• **Work request**: For the entries that follow, retype exactly the lines from the one containing "Here we're talking" to the one containing "These are the", inclusive, and only those. Images stay out of the copy.

• **Information supplied**:

::::::::::

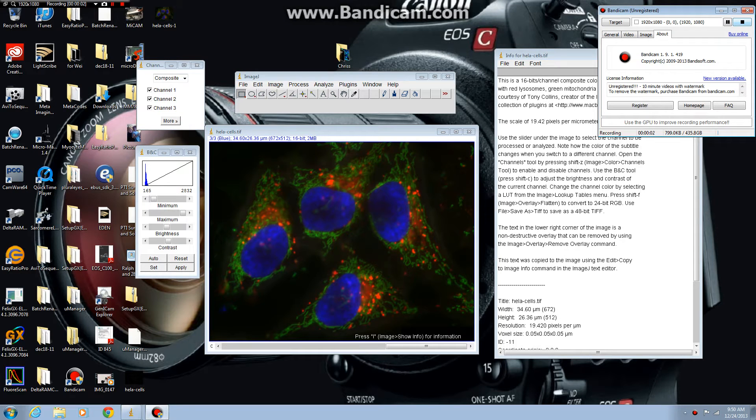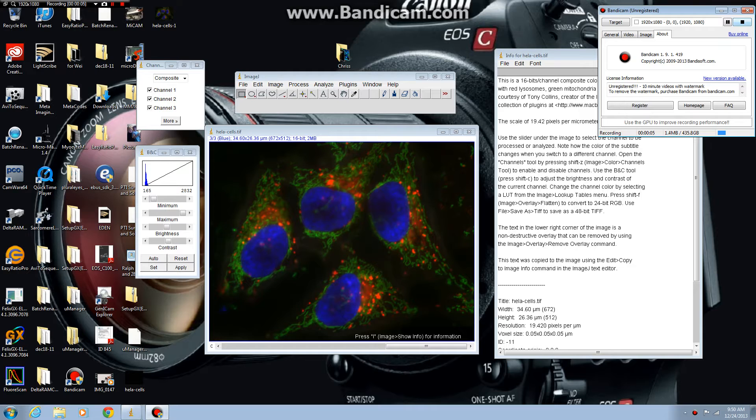The following is a tutorial on commonly asked questions about image processing using ImageJ.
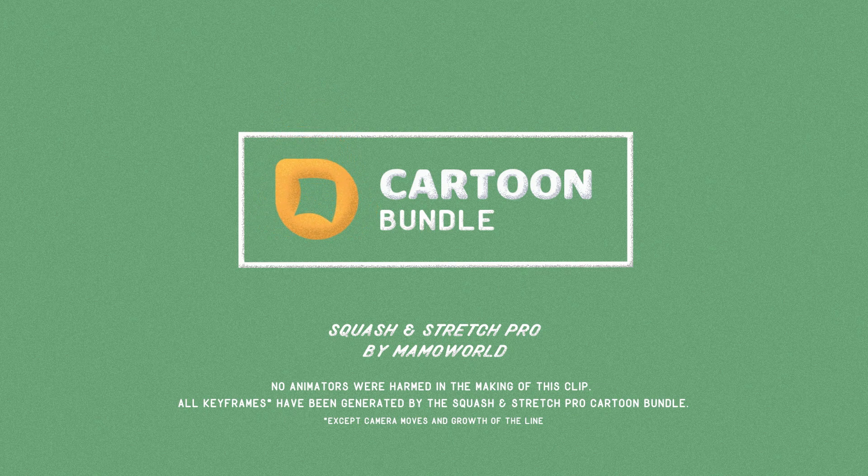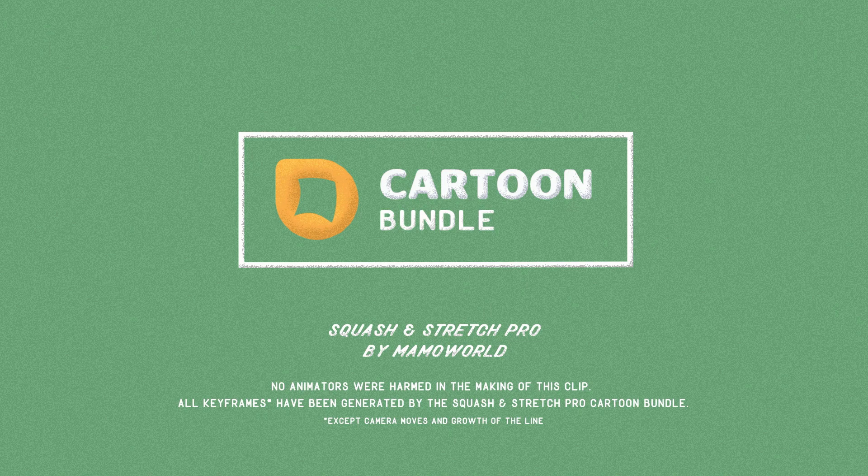Creating high quality motion graphics in After Effects has never been so fast and so easy.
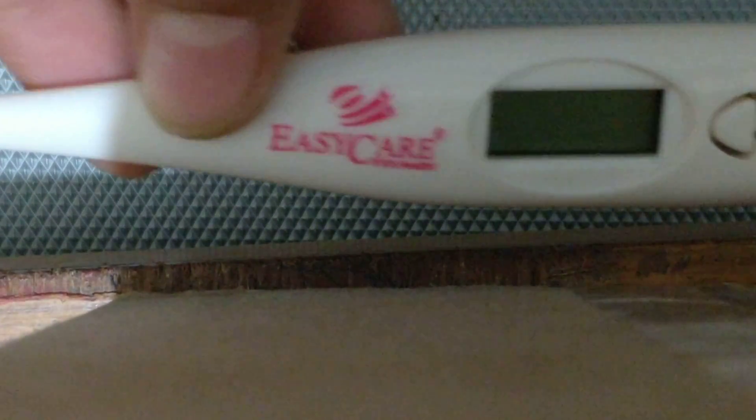So if you see the build quality, it's completely made of plastic with metal over here, and display and this button. This is of EasyCare company and we are going to see what's inside it and how it's working.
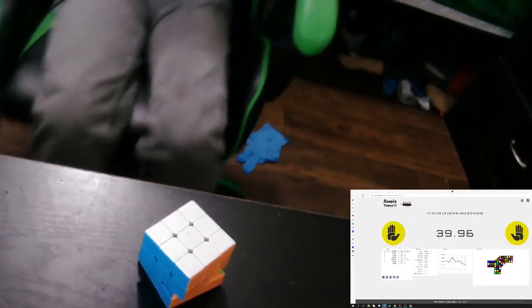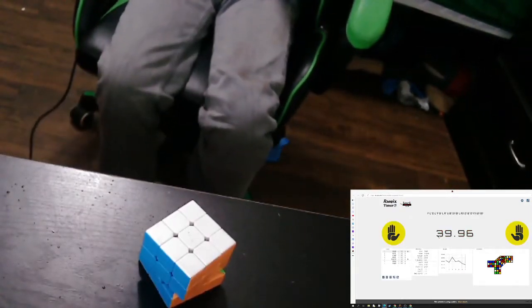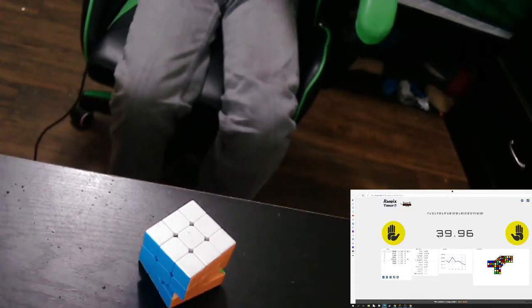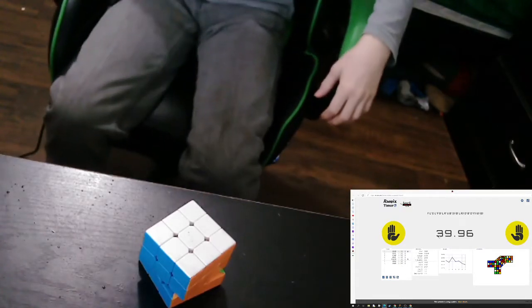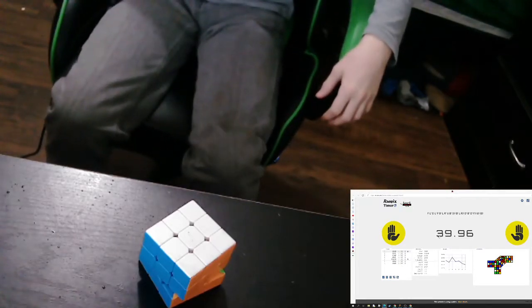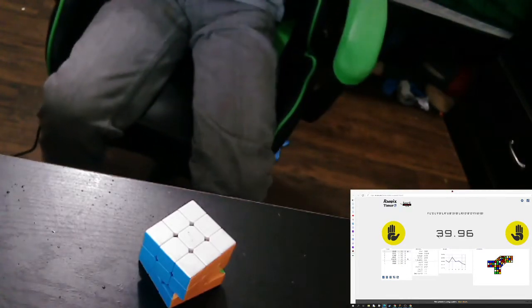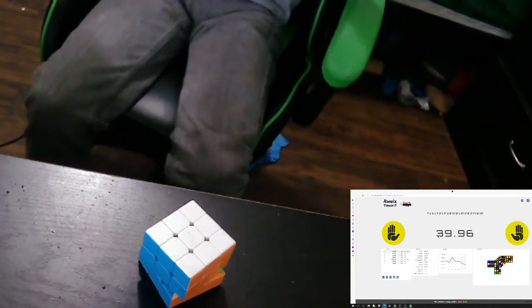Yes! Yes! You got a sub-40! Oh, that's a new record!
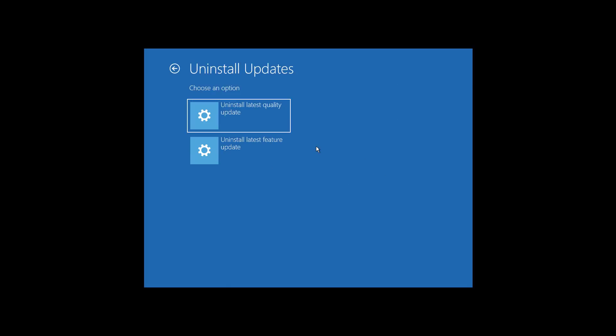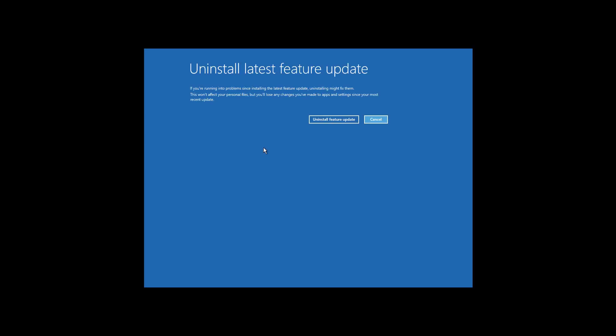Here, click the Uninstall Latest Feature Update button. Finally, in order to remove the latest feature update, click the Uninstall Feature Update button.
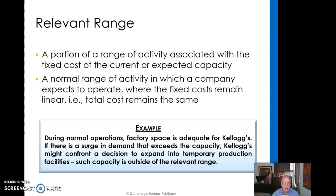Here we're talking about Kellogg's — if there's a surge in demand that exceeds capacity, Kellogg's might confront a decision to expand into temporary production facilities, outside the relevant range. In today's example, 3M is probably a good example of that — the makers of the best N95 masks used in operating rooms. When the pandemic came down, there was a huge demand for N95 masks, and 3M went to general quarters to turn up their production to accommodate that dramatic increase in demand. That, of course, is outside the relevant range.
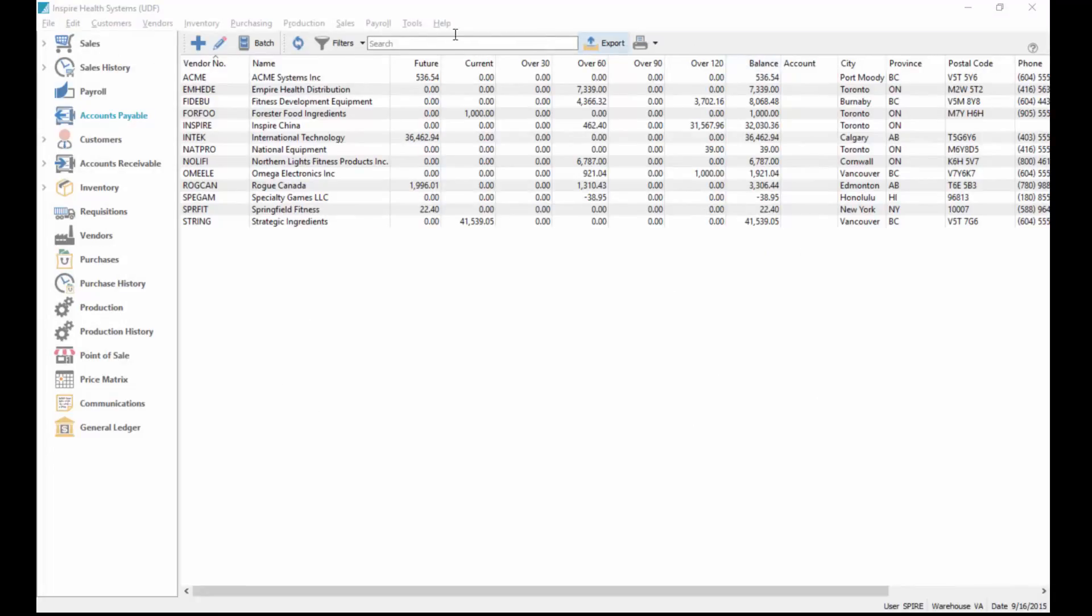Lastly, like all of our lists, you can set filters and exports. If you want to export this list to Excel you could do so by just clicking on the export button and create an Excel spreadsheet for it.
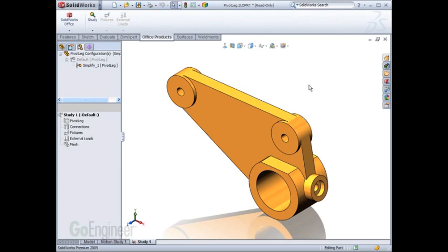Even though I've performed the simplification on a part, this tool is also available for assemblies if you'd like to simplify components while working with assembly simulation.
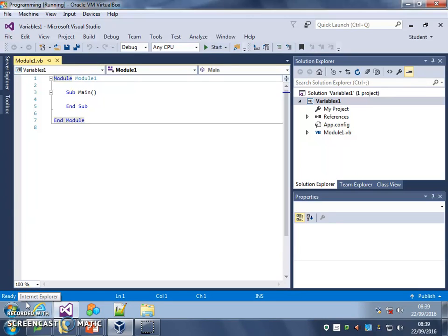In this video, we're going to take you through making your first program that uses a variable to store some data that the user types in, and then reuses that saved data in a sentence.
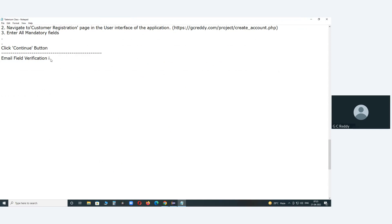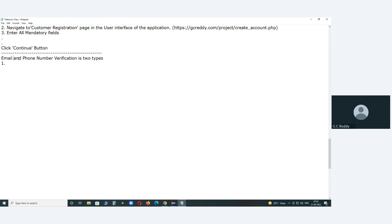Email verification is of two types — and not only email fields, but contact fields including phone number and mobile number fields as well. So email and phone number fields verification has two types. The first type is verifying the existence and authorization.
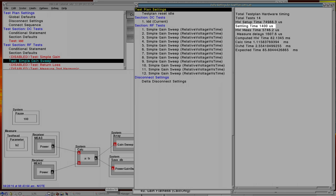The hardware measurement time displays the time the instrument spent capturing data. Below that is the measure delays, so that's the time between multiple measurement captures. So if you have repeats or averages, the time between each one of those captures is what's displayed as the measure delay.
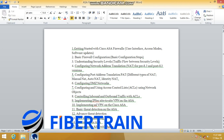These are the topics we are going to discuss and also have practical sessions on when you come to our office for the training. We use the ASA appliance — the 5500-X series, specifically the 5506-X, which is the entry-level of the ASA 5500-X product line. The 5506-X we are using for this training is running ASA software version 9.6.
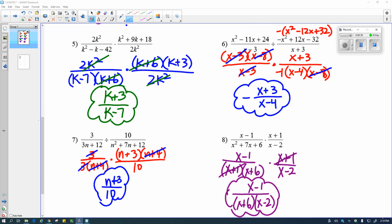Here are the finished answers — you can check your work. The negative 1 left in problem 6 just gets pulled out in front, making the fraction negative over x plus 3 times x minus 4. Also, in problem number 8, I had two quantities left in the denominator that didn't cancel out — that's not a big deal. Just write them next to each other. You can multiply them through if you want, but it's not necessary.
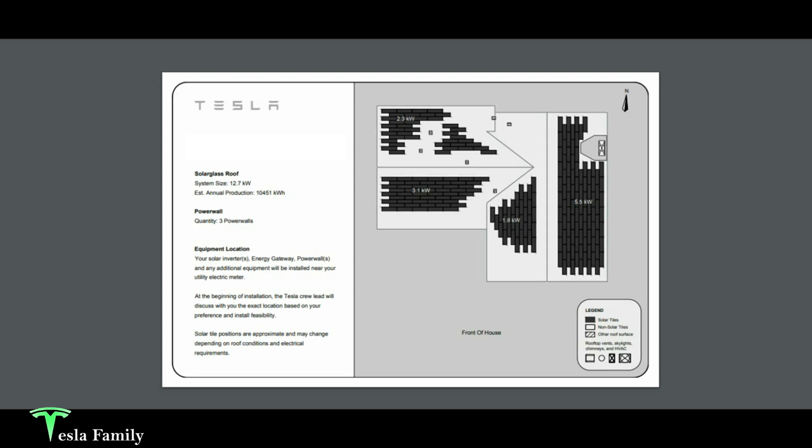So this system size total is 12.7 kilowatts, and the annual production would be 10,451 kilowatt hours. And in my estimate, we were looking for three power walls to be added to our system.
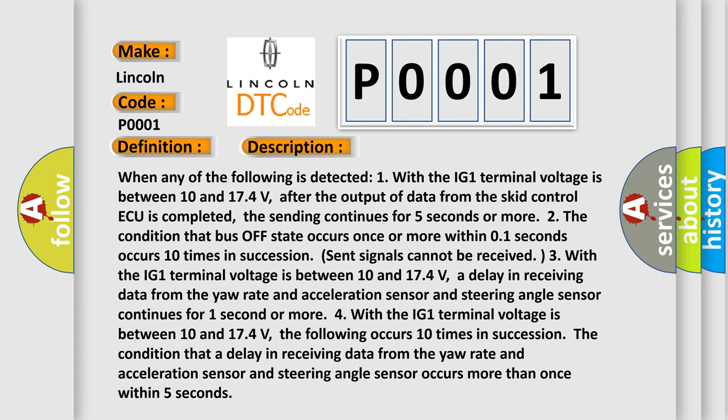Four, with the IG1 terminal voltage between 10 and 17.4 volts, the following occurs 10 times in succession: the condition that a delay in receiving data from the yaw rate and acceleration sensor and steering angle sensor occurs more than once within 5 seconds.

::::::::::

• **Answer**:
Here we're talking about Kellogg's — if there's a surge in demand that exceeds capacity, Kellogg's might confront a decision to expand into temporary production facilities, outside the relevant range. In today's example, 3M is probably a good example of that — the makers of the best N95 masks used in operating rooms. When the pandemic came down, there was a huge demand for N95 masks, and 3M went to general quarters to turn up their production to accommodate that dramatic increase in demand. That, of course, is outside the relevant range.
Lastly, like all of our lists, you can set filters and exports. If you want to export this list to Excel you could do so by just clicking on the export button and create an Excel spreadsheet for it.
Even though I've performed the simplification on a part, this tool is also available for assemblies if you'd like to simplify components while working with assembly simulation.
In this video, we're going to take you through making your first program that uses a variable to store some data that the user types in, and then reuses that saved data in a sentence.
Email verification is of two types — and not only email fields, but contact fields including phone number and mobile number fields as well. So email and phone number fields verification has two types. The first type is verifying the existence and authorization.
The hardware measurement time displays the time the instrument spent capturing data. Below that is the measure delays, so that's the time between multiple measurement captures. So if you have repeats or averages, the time between each one of those captures is what's displayed as the measure delay.
These are the topics we are going to discuss and also have practical sessions on when you come to our office for the training. We use the ASA appliance — the 5500-X series, specifically the 5506-X, which is the entry-level of the ASA 5500-X product line. The 5506-X we are using for this training is running ASA software version 9.6.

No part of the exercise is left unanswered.